Scala pattern matching & lowercase case objects
Posted on Wed 30 November 2016 in Coding
I just learned something about pattern matching and case objects in Scala which I thought I’d share. Consider the following code:
object Messages {
case object foo
case object bar
}
import Messages._
def identify(msg: AnyRef) = msg match {
case foo => "foo"
case bar => "bar"
case _ => "unknown"
}
identify(bar)
What does it print?
If your answer is “bar”, you’re wrong - the correct answer is “foo”. But why is that?
The problem here is that the case objects (in particular foo
, which comes first in the pattern matching block)
have names that start with a lowercase letter.
When the Scala compiler comes
across the pattern matching block, section 8.1.1 from the Scala Language Specification
(SLS) kicks in and tells the
compiler that foo
and bar
are variable patterns:
8.1.1 Variable Patterns
[…]
A variable pattern x is a simple identifier which starts with a lower case letter. It matches any value, and binds the variable name to that value. […]

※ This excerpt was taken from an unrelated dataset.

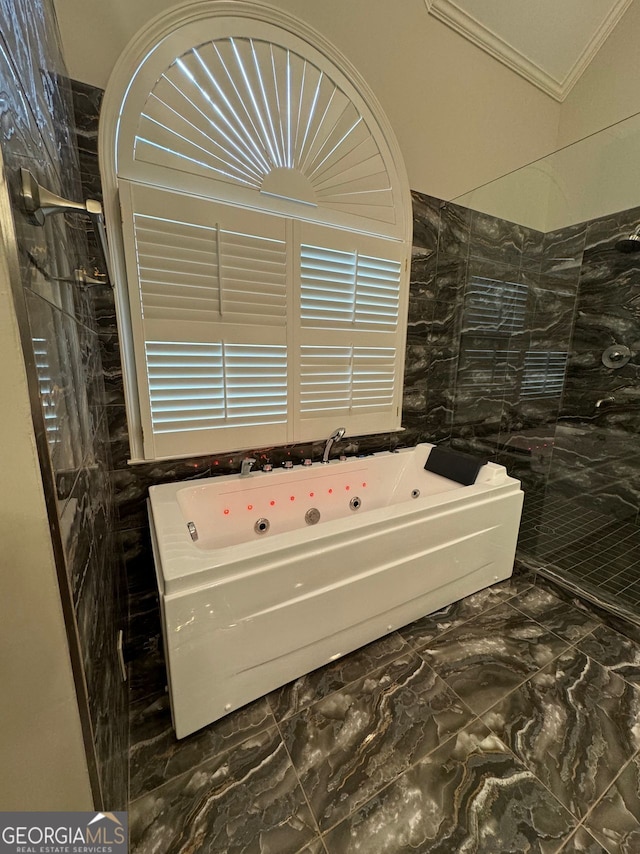 bathroom featuring ornamental molding and shower with separate bathtub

(Note the bold part–trying to use a variable name that starts with an uppercase letter in pattern matching results in a compile error.) Luckily, the compiler is extremely helpful in describing the problem and suggesting a solution:
example.scala:8: warning: patterns after a variable pattern cannot match (SLS 8.1.1)
If you intended to match against object foo in package <empty>, you must use backticks, like: case `foo` =>
My excuse? Uh, compiler warnings flash by quite quickly in my editor and are typically replaced with the result of a unit test run or something similar… :-) But I also (vividly) recall thinking something along the lines of “surely the compiler is smart enough to know that I intend to match against the case objects.” In retrospect, having a compiler that guesses at my intentions rather than following a spec seems like a Bad Thing™!
Thus:
def identify(msg: AnyRef) = msg match {
case `foo` => "foo"
case `bar` => "bar"
case _ => "unknown"
}
Note that the situation doesn’t apply when pattern-matching a lowercase-named case class, since that is interpreted as constructor pattern matching (SLS 8.1.6).
If you for some reason don’t want to use backticks, you can also qualify the case object names:
def identify(msg: AnyRef) = msg match {
case Messages.foo => "foo"
case Messages.bar => "bar"
case _ => "unknown"
}
Or just avoid lowercase case object names altogether!